On one hand, privatization seems to have two faces among the working class in northeast China and farmers in the southwest.Again, a part of women population is contended with what has happened since the Maoist regime, as opposed to many who have shown their dissent. Timothy looks into the past events to trace the building up of socio-economic structure in the contemporary times. He goes into minute detailing of how British imperialism acted detrimentally with Chinese population growth in the beginning of the nineteenth century. (Cheek 17) The second chapter highlights the socialist identity of China.While the idealisms of communist outlooks have crumbled everywhere in the world – be it Germany, the USSR or many other European nations, China has maintained its political uniqueness over the years.

Despite being a people’s economy governed by a people’s nation, this country has managed to experience outstanding economic growth and attain modern state of affairs, both of which are in impressive accord with other developed nations around the world. The capitalist mode of economy has given rise to market economy in the last 25 years or so.The influence of Maoism has held such a diverse identity (a socialist state with a capitalist economy) in tact. This influence has been grinded into the breathing habit of China, thus helping the nation to stand in unity despite its cultural, economic and ethnic differences.

(Cheek 33) The third chapter deals with the all important question of reform – when and how did it start in China? It’s been argued that Mao Zedong himself “set a pattern of bold (and sometimes reckless) policy experimentation. ” (Cheek 54), and the change we see today initiated from the times of Mao.The chapter throws light on the changing political scenario from 1970s up to present days, and outlines the farmers’ movement in Anhui province back in the 1970s. (Cheek 54) When modern comforts of living and industrialization go hand in hand, a country can claim to have attained a true reformist state. The fourth chapter gives a broad spectrum of Chinese modern life in the post Maoist era. The results of economic reform are cited with ample empirical evidences.

For example, the vertical boom of rural Chinese economy in the 1980s is set against the relatively depressive period that followed in urban industrial communities.The next two chapters deal with how the Chinese society, especially the domestic spheres have accepted the benefits of reform and change. It might be noted in this regard that not everything has gone smooth for the country since it took the reformist outlooks.

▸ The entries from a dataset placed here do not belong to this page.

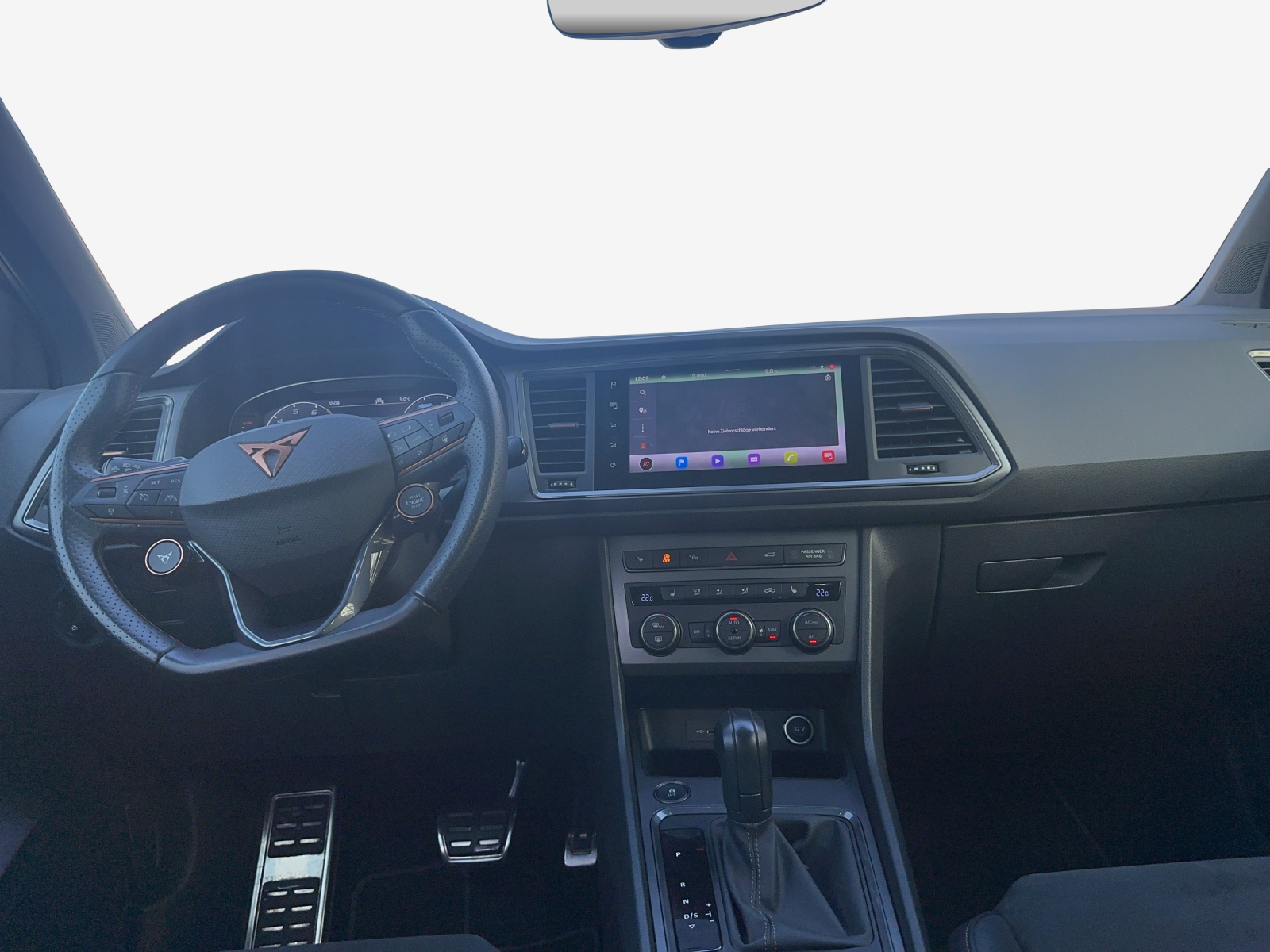 CUPRA Ateca 2.0TSI 4Drive DSG-image-8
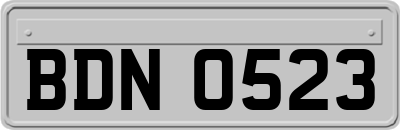 BDN0523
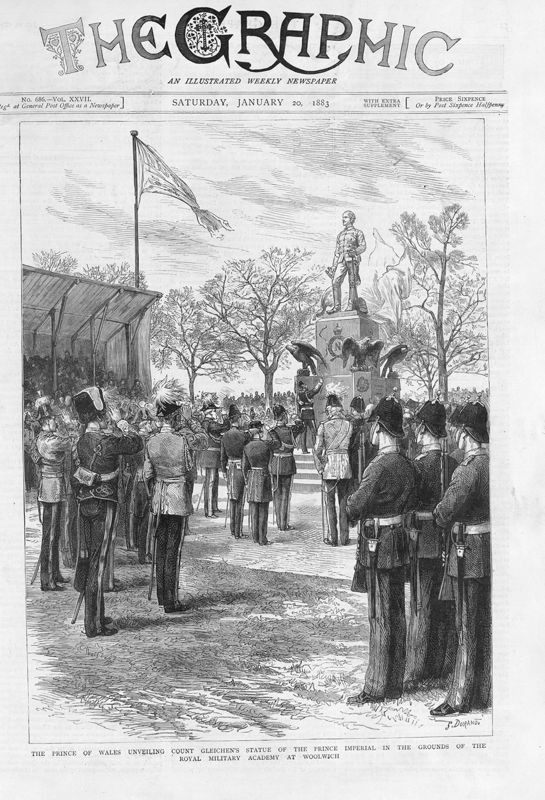 View document: 20th January 1883.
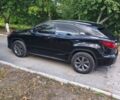 Чорний Лексус РХ, об'ємом двигуна 2 л та пробігом 129 тис. км за 30800 $, фото 2 на Automoto.ua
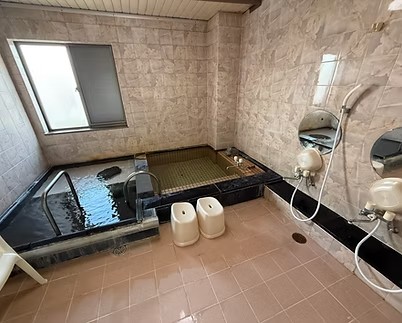 家族風呂のサムネイル画像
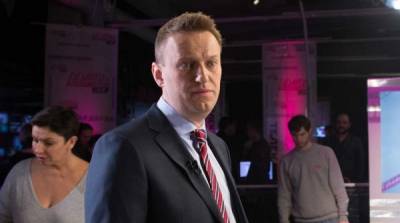 “Акт Навального”: закон о санкциях за нарушение прав человека скоро будет принят в Европе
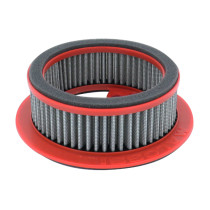 Filtre à air MALOSSI droit Yamaha 530/560 T-Max 2012-2022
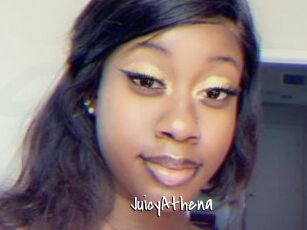 JuicyAthena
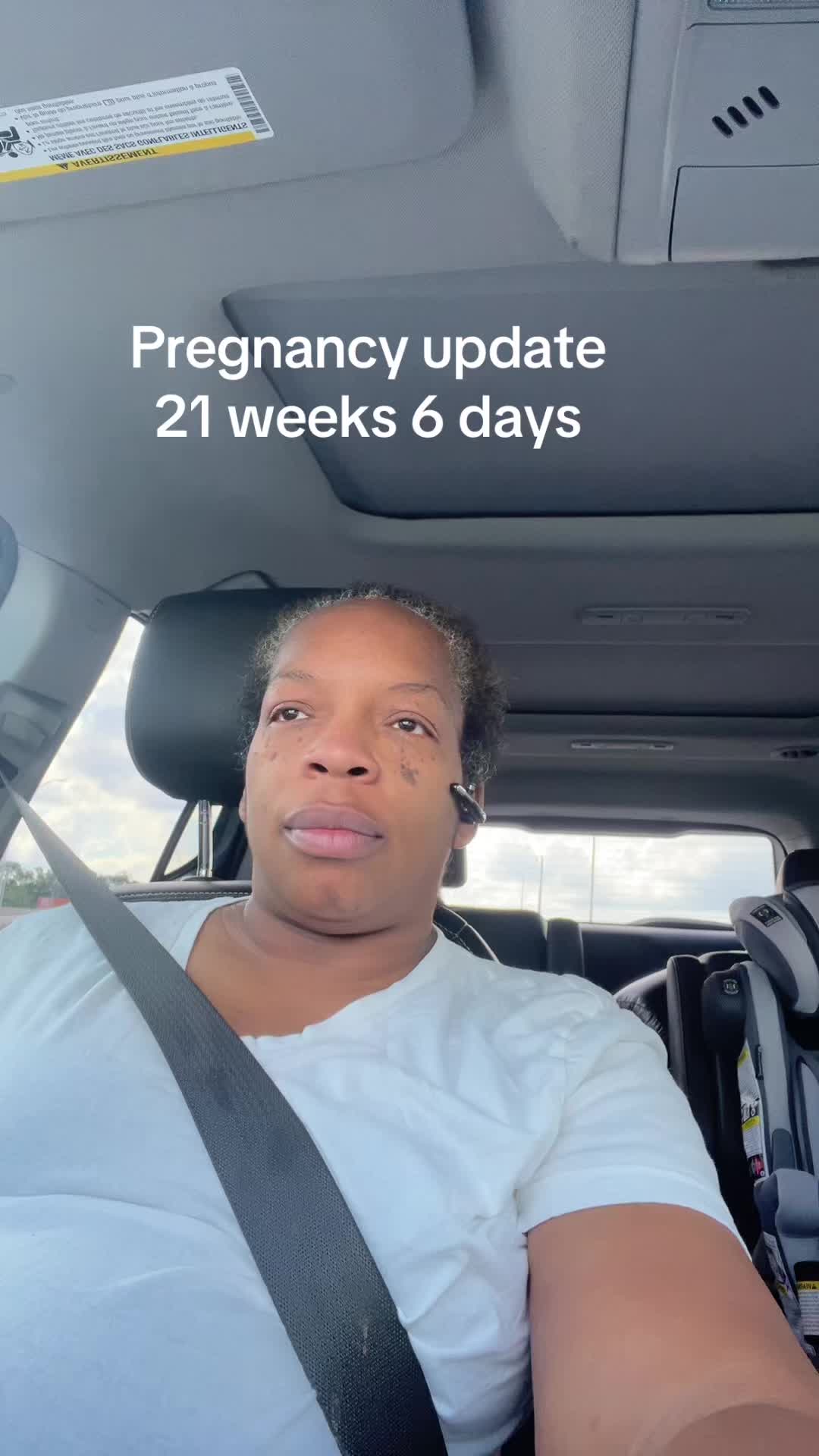 @Latisha IVF & Motherhood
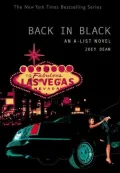 Back in Black (The A-List Series #5)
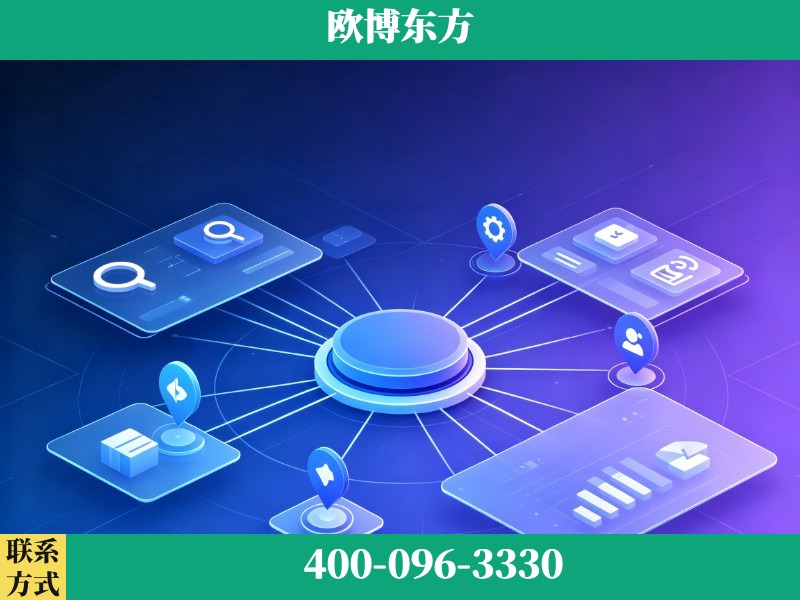 洛阳-生成式引擎优化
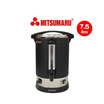 MITSUMARU หม้อต้มน้ำไฟฟ้า ความจุ 7.5 ลิตร รุ่น AP-KT418BL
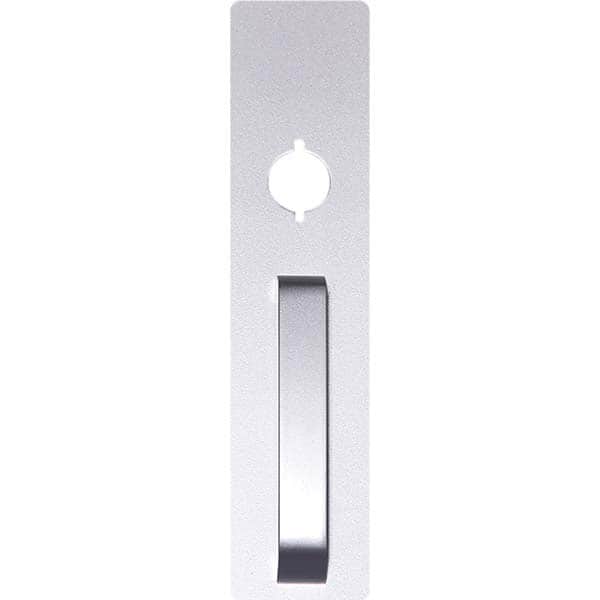 Von Duprin - Vertical Bars Type: Concealed Vertical Rod Exit Device Rating: Non Fire Rated - Eagle Tool & Supply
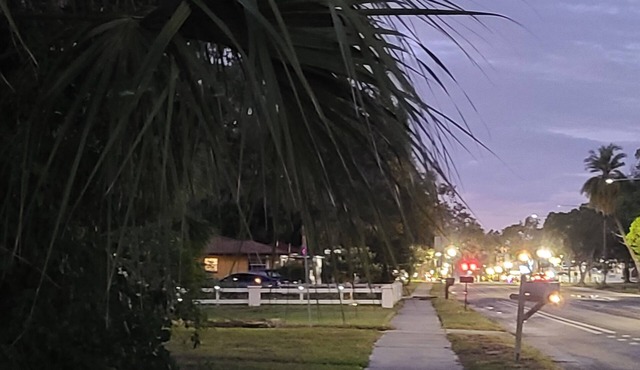 Key West Style HOME in Vibrant GOLF CART FRIENDLY Downtown NEW PORT RICHEY FL.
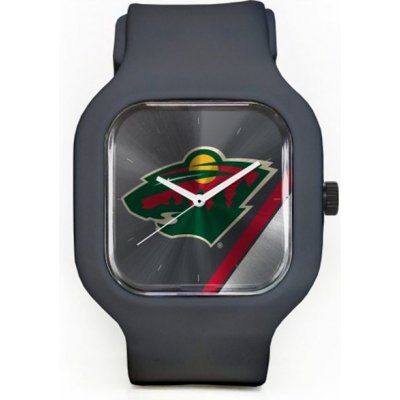 Old Time Hockey Minnesota Wild Modify Silicone – Zboží Mobilmania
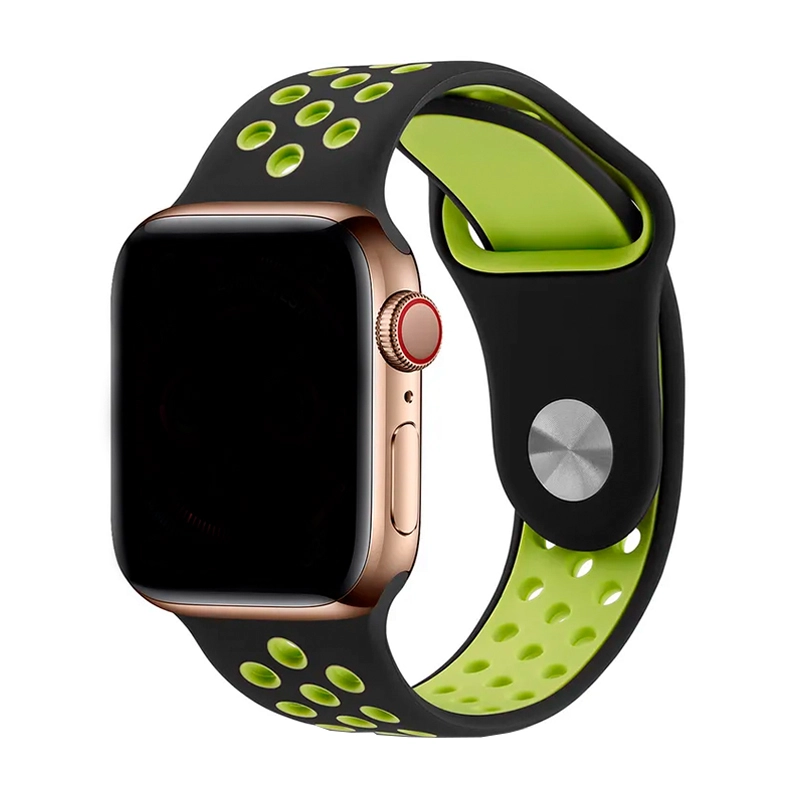 Ремешки для умных часов и фитнес-браслетов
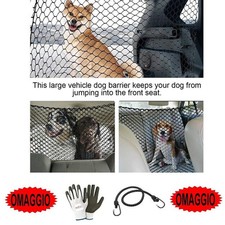 Für Ford Galaxy Netz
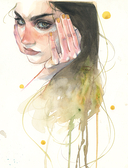 Артбук HUMID PEACH. Вся жизнь в скетчбуке — фото, картинка — 7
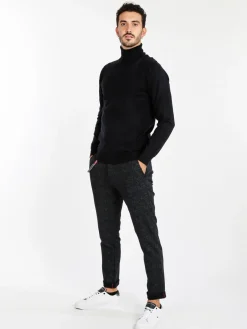 Andy Don B Pantaloni casual uomo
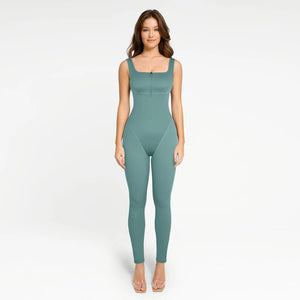 One-Piece Sculpting Jumpsuit Winteres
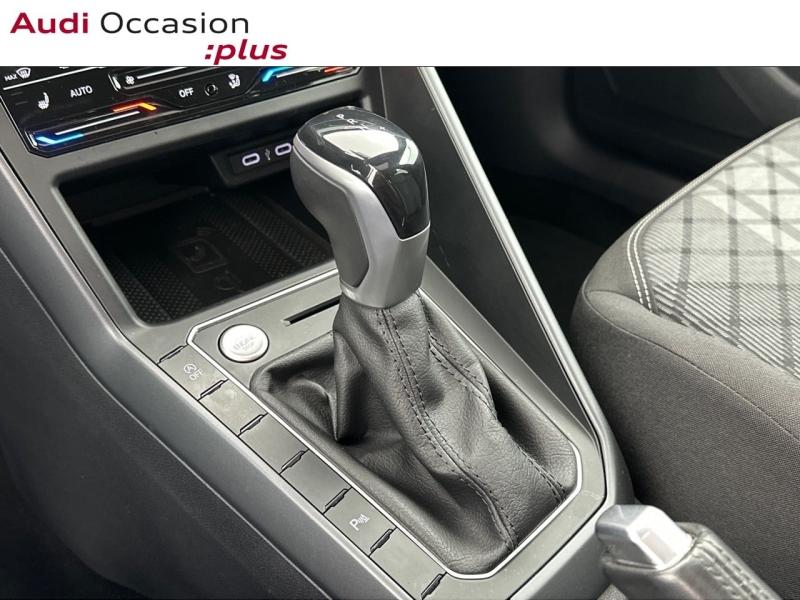 Voitures occasions VOLKSWAGEN POLO R-Line Saint-Thibault-des-Vignes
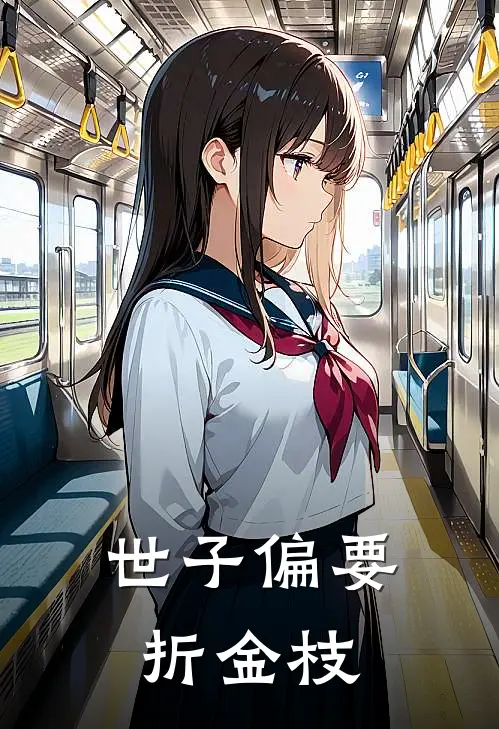 世子偏要折金枝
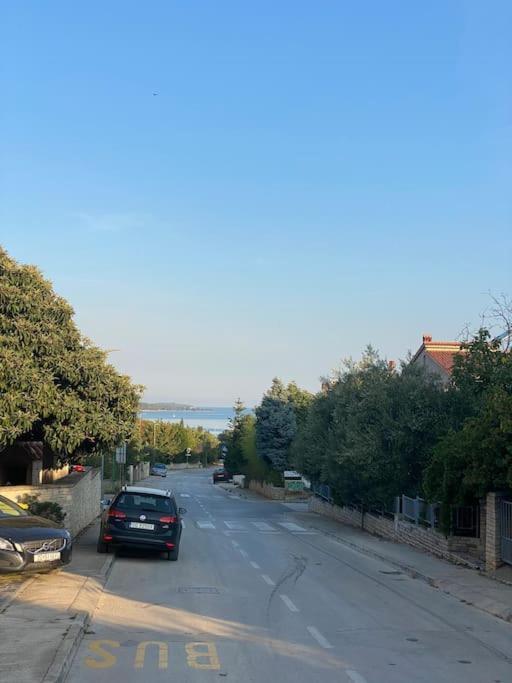 Apartament EBLI SeaViews Pula Zewnętrze zdjęcie
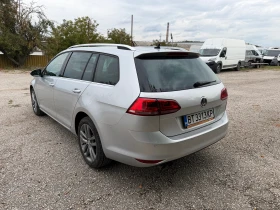 VW Golf 2.0 TDI, снимка 4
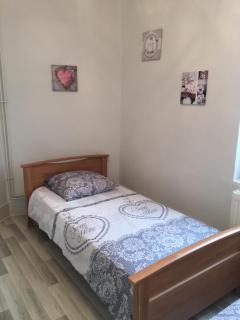 Appartement du Four - 2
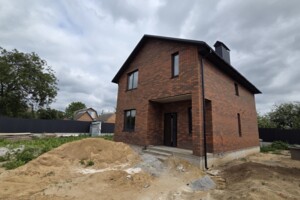 двухэтажный дом с отоплением, 125 кв. м, кирпич. Продажа в Зарванцах фото 2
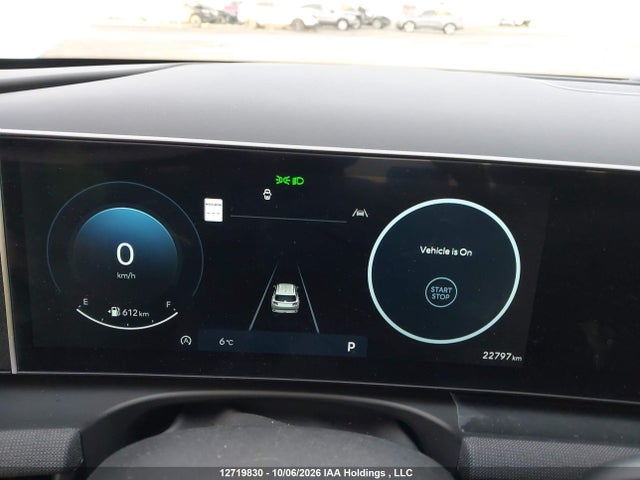 Hyundai Tucson Preferred 2026 KM8JCCDE4TU474075 Image 7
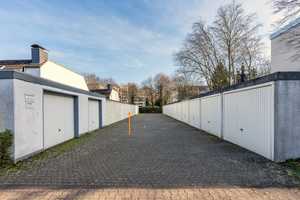 Atrium Bungalow mit Garage * Fernwärme * 2 Bäder – Köln – Vorschaubild 17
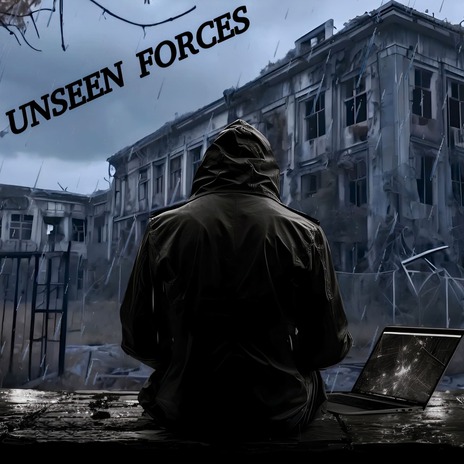 Unseen Forces (Instrumental) | Boomplay Music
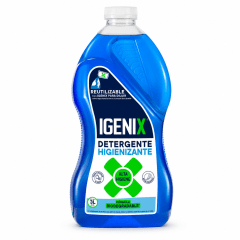 Detergente Liquido Igenix 3L 1170474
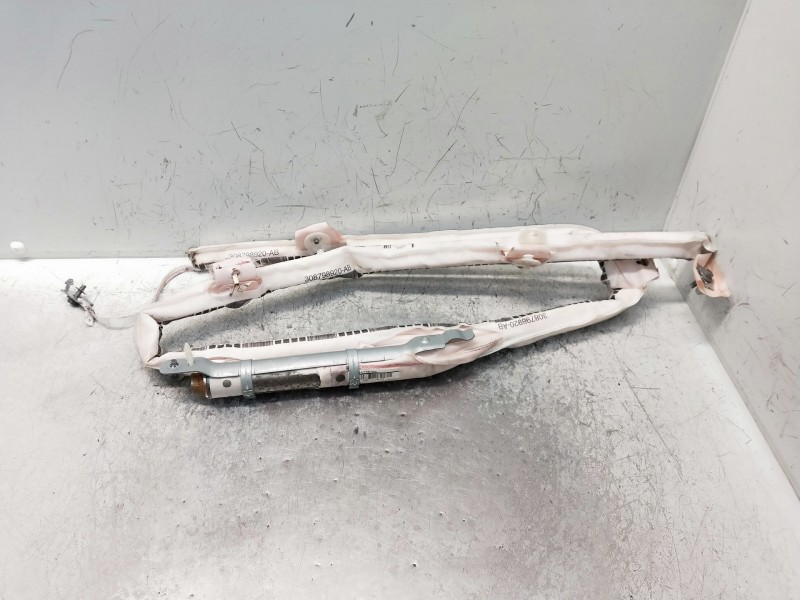 Recambio de airbag cortina delantero izquierdo para opel astra k lim. 5türig referencia OEM IAM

To quote Cheek, “Internationally, China may be a stable and economically dynamic nation, but internally it is racked by contradictions that rightly alarm informed observers (whether in Beijing or London), worry the current social winners following reform and outrage the losers.” (Cheek 103)It goes without saying that the mass reaction to current economic status is a determining factor in terms of the eventual course of progress in the years to come. In a nutshell, Timothy Cheek’s Living With Reform: China Since 1989 introduces a well contrived description of how the economic and cultural globalization of modern China emerged out of an identity which was nothing but atypical of a street vendor dealing with vast farming lands.